A person is not a Jew who is one only outwardly, nor is circumcision merely outward and physical.

No, a person is a Jew who is one inwardly; and circumcision is circumcision of the heart, by the Spirit, not by the written code. Such a person’s praise is not from other people, but from God.[xii]

When Jesus and Paul are speaking about a true Jewish person, they are speaking of one who is in actual covenant relationship with God, not just a person who is racially Jewish. The point being is that someone who knows God, not only believes the right things, but lives the right way because love is the dominant characteristic of the true believer’s life. While they were pointing to Abraham as the father of their faith, Jesus was pointing out that they were not acting like Abraham, who responded to God’s word by acting upon it. Jesus points that two things would be evident if they truly knew God. They would love him and listen and act upon his word.           

Jesus said to them, ‘If God were your Father, you would love me, for I have come here from God. I have not come on my own; God sent me.

Why is my language not clear to you? Because you are unable to hear what I say.

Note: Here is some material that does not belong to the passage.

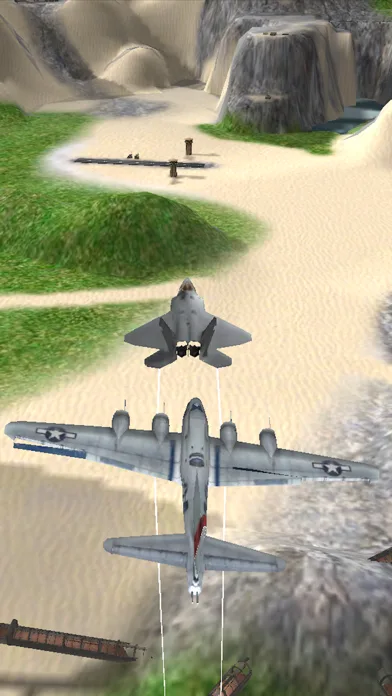 War Air-plane Flight Simulator Bomber screenshot 1
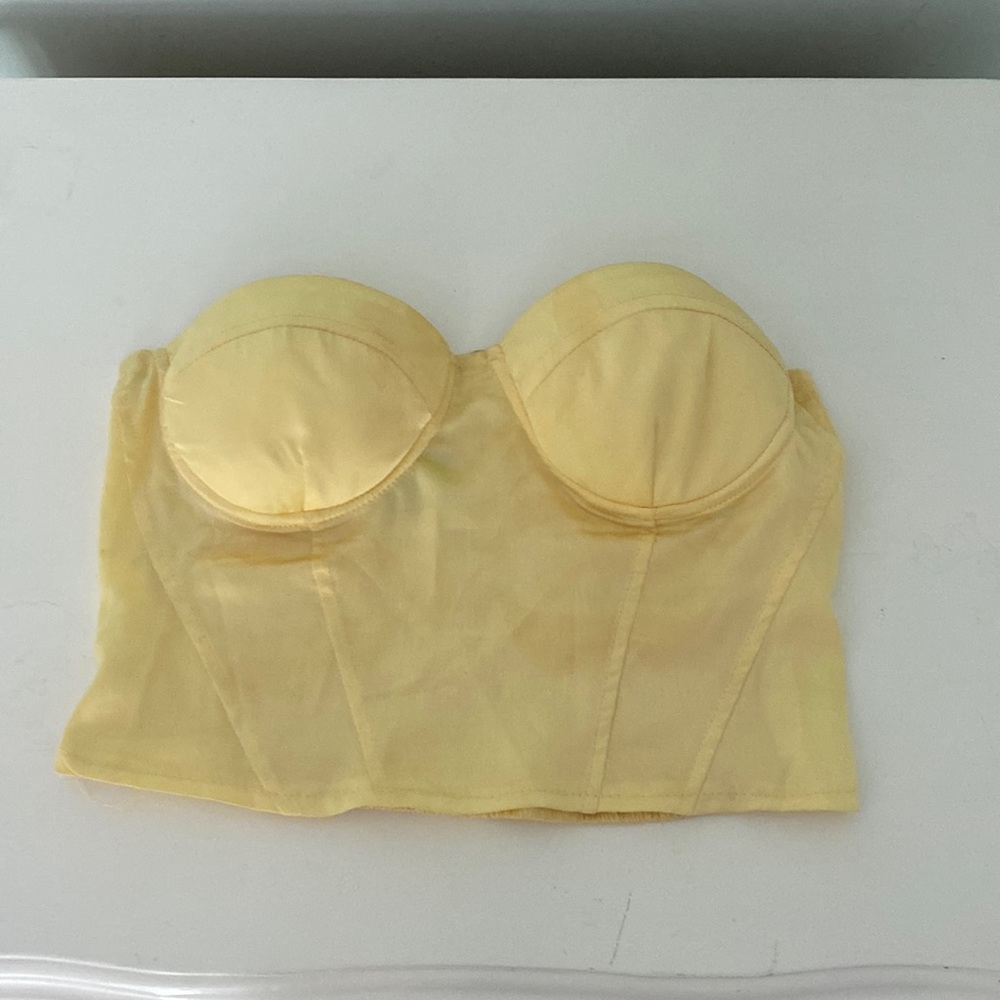 Yellow Corset Top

You belong to your father, the devil, and you want to carry out your father’s desires. He was a murderer from the beginning, not holding to the truth, for there is no truth in him. When he lies, he speaks his native language, for he is a liar and the father of lies.

Yet because I tell the truth, you do not believe me!’[xiii]

Jesus insists on using the terms ‘father’ and ‘children’ in an ethical sense: the children are those who reproduce the father’s qualities.[xiv]

That is why Jesus states that they belonged to their father, the devil because like the devil who destroys life and repudiates the truth, that is the behavior of these who were listening to Jesus. What characteristics do we manifest? We either believe the truth or the lie. It was the lie of the enemy in the garden that deceived the woman. Paul also describes the operation of evil deceiving those who are perishing.

and all the ways that wickedness deceives those who are perishing. They perish because they refused to love the truth and so be saved.

For this reason God sends them a powerful delusion so that they will believe the lie and so that all will be condemned who have not believed the truth but have delighted in wickedness.[xv]

It is not that the lie is more convincing, but people would rather believe it because what they want to do is wrong, so they suppress the truth and embrace the lie, which ultimately leads to death.

E. The question that is raised.

Can any of you prove me guilty of sin? If I am telling the truth, why don’t you believe me?

Whoever belongs to God hears what God says. The reason you do not hear is that you do not belong to God.[xvi]

Jesus did not ask if anyone think him guilty of sin, for there were many false accusations against Jesus, such as being a Sabbath breaker, and ultimately, they accused him of blasphemy. However, an examination of Jesus’ life reveals his personal holiness and purity. His life was challenging them, but the fundamental reason they couldn’t hear his message was that they really did not know God.


It always comes down to who do we think Jesus is. Our answer determines the life can have both now and forever. Here we see what these opponents of Jesus thought about him.      

The Jews answered him, ‘Aren’t we right in saying that you are a Samaritan and demon-possessed?’[xvii]

The fact that Jesus addressed their lineage as a fellow Jew probably prompted these remarks. Knowing the long standing tensions between Jews and Samaritans, this was considered a derogatory, slanderous remark, along with being called demon possessed.    

‘I am not possessed by a demon,’ said Jesus, ‘but I honor my Father and you dishonor me.

I am not seeking glory for myself; but there is one who seeks it, and he is the judge.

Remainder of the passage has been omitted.